Энн смотрела на свой дом, где все прибавлялось ребятни; на свой круглый живот — она ждала следующего — и бережно прикрывала его ладонями.

— Ему нужна жена. Та, первая, совсем ему не подходила, и он очень скоро сам бы это понял.

— Хм, — произнес ее муж. — Похоже, что он считает иначе.

Много, очень много лет спустя Уильям Хауленд повез на кладбище свою внучку, прихватив с собой двух негров-садовников, чтобы прибрали вокруг, — и в тот день заговорил о своей жене Лорене.

— От нее исходил такой свет, — говорил он, — такое сияние. Помню, я думал, что она светится по ночам.

Он не оплакивал ее — во всяком случае так, как полагалось бы вдовцу. Казалось, вместе с ней умерла какая-то часть его самого — и, пожалуй, к лучшему было, что умерла, а не осталась жить и страдать.

В то солнечное утро он глядел на склеп, на свое имя, высеченное сверху, и говорил:

— Она могла бы стать пьянчужкой, вроде своей матери. А может быть, вся эта ее нежность обернулась бы такой, как у ее отца… — Он пожал плечами и вздохнул. — Да вот не обернулась.

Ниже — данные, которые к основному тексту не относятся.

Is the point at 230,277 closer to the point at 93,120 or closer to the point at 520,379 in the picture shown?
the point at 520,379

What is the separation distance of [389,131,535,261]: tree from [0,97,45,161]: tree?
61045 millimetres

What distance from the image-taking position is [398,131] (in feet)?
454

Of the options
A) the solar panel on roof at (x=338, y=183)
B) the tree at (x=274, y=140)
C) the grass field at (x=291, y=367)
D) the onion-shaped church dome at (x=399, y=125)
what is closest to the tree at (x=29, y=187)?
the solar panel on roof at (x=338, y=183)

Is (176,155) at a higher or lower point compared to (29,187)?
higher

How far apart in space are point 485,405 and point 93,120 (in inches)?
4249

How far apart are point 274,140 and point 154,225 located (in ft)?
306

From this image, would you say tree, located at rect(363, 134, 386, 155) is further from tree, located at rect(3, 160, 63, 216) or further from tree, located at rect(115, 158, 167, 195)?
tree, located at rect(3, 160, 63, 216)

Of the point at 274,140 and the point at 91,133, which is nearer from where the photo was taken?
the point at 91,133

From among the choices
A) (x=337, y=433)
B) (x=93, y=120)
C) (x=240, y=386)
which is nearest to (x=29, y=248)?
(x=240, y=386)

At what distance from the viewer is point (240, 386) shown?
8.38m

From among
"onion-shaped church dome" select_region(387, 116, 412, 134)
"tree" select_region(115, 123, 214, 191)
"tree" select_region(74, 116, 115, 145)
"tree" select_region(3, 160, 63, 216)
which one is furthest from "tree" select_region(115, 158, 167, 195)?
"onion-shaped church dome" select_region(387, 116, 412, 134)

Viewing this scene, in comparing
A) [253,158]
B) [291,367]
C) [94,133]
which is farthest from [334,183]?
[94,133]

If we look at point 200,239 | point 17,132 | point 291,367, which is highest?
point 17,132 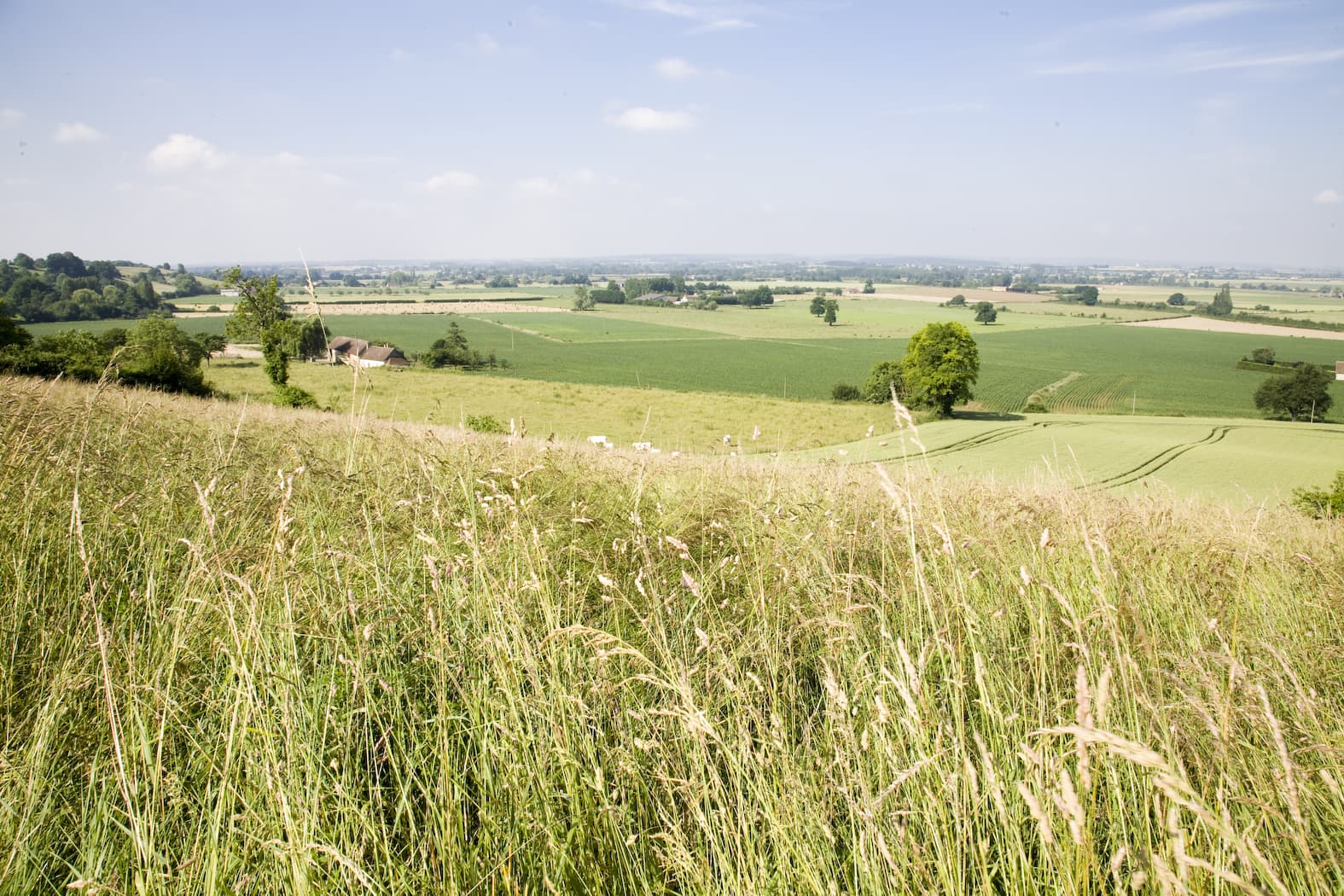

Так он и жил вдовцом. Возможно, он был не очень счастлив, но и несчастлив, конечно, тоже не был. Дел у него хватало: и хлопок, и скот, и небывалый спрос на строительный лес и древесину. А надо было и дочь растить, и проводить в последний путь родителей. (Новый склеп построить так и не собрались. Родителей опустили в песчаную красноватую землю и положили в изголовье по глыбе серого гранита.) Дни бежали незаметно — короткая холодная зима, потом долгое жаркое лето… Он не был ни затворником, ни бирюком. Когда позволяли дела, ходил в церковь, ездил в гости по всей округе. Он прекрасно танцевал, играл на мандолине и приятным мягким баритоном пел все модные песенки. Он только не проявлял интереса к дочкам и вдовушкам. Никакого. Может быть, у него была любовница? Во всяком случае, не в Мэдисон-Сити. Или какая-то связь в Чаттануге? Но и об этом никто толком не знал. Посудачить было о чем, но не более того.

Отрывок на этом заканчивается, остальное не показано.